(Supplied data):
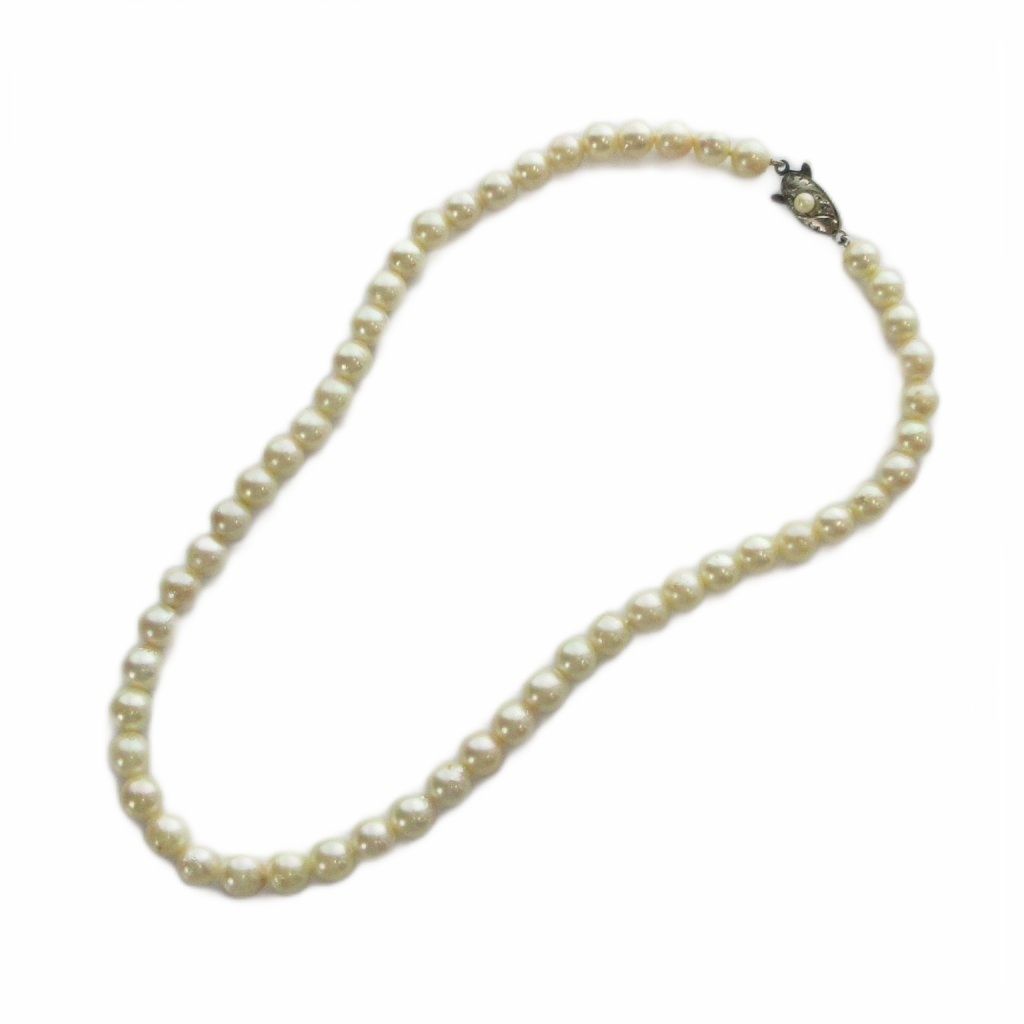 ノーブランド品 ネックレス アクセサリー リアルパール 真珠 7mm Silver925 白 ホワイト ■GY11 /MQ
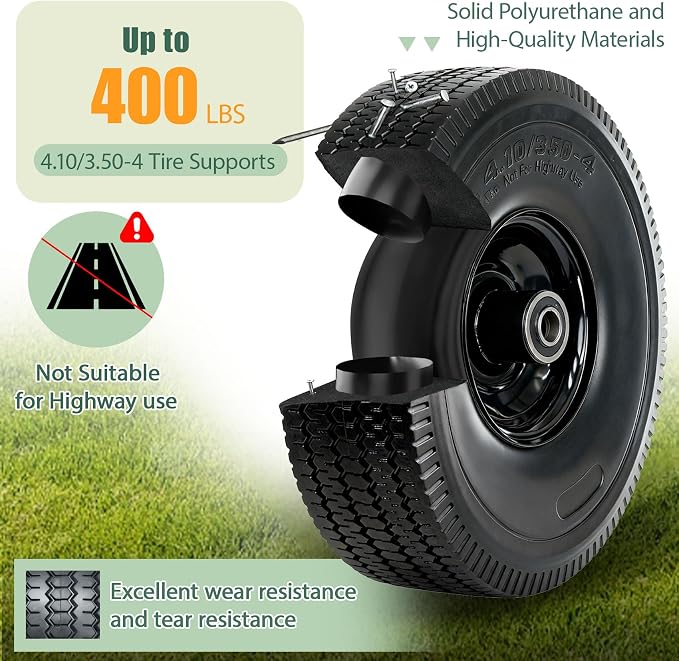 4.10/3.50-4 Tire and Wheel, 10" Solid Tires with 5/8” Bearing, Extra 3/4”&1/2” Bearings, 2.2” Offset Hub, Flat Free 4.10/3.50-4'' Wheels for Dollies, Hand Trucks, Tractors (2 Pack) (Black)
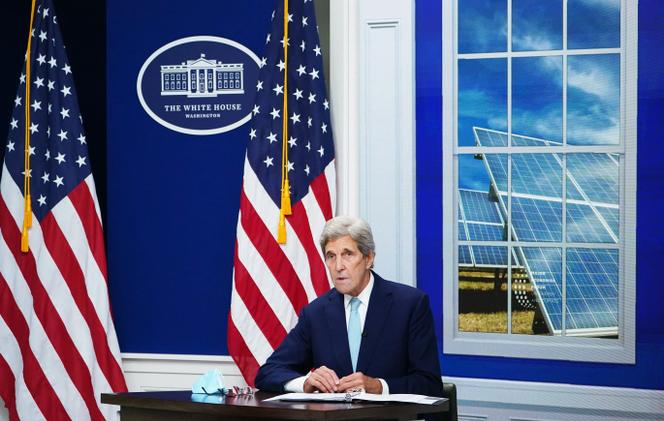 US-Sonderbeauftragter für Klima, John Kerry, bei einem virtuellen Treffen mit dem Klima- und Energieforum der großen Volkswirtschaften im Weißen Haus, Washington, 17. September 2021.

(Directions for this task):
Without the pictures, write out all of the material exactly.

(Result for this exercise):
 ノーブランド品 ネックレス アクセサリー リアルパール 真珠 7mm Silver925 白 ホワイト ■GY11 /MQ
 4.10/3.50-4 Tire and Wheel, 10" Solid Tires with 5/8” Bearing, Extra 3/4”&1/2” Bearings, 2.2” Offset Hub, Flat Free 4.10/3.50-4'' Wheels for Dollies, Hand Trucks, Tractors (2 Pack) (Black)
 US-Sonderbeauftragter für Klima, John Kerry, bei einem virtuellen Treffen mit dem Klima- und Energieforum der großen Volkswirtschaften im Weißen Haus, Washington, 17. September 2021.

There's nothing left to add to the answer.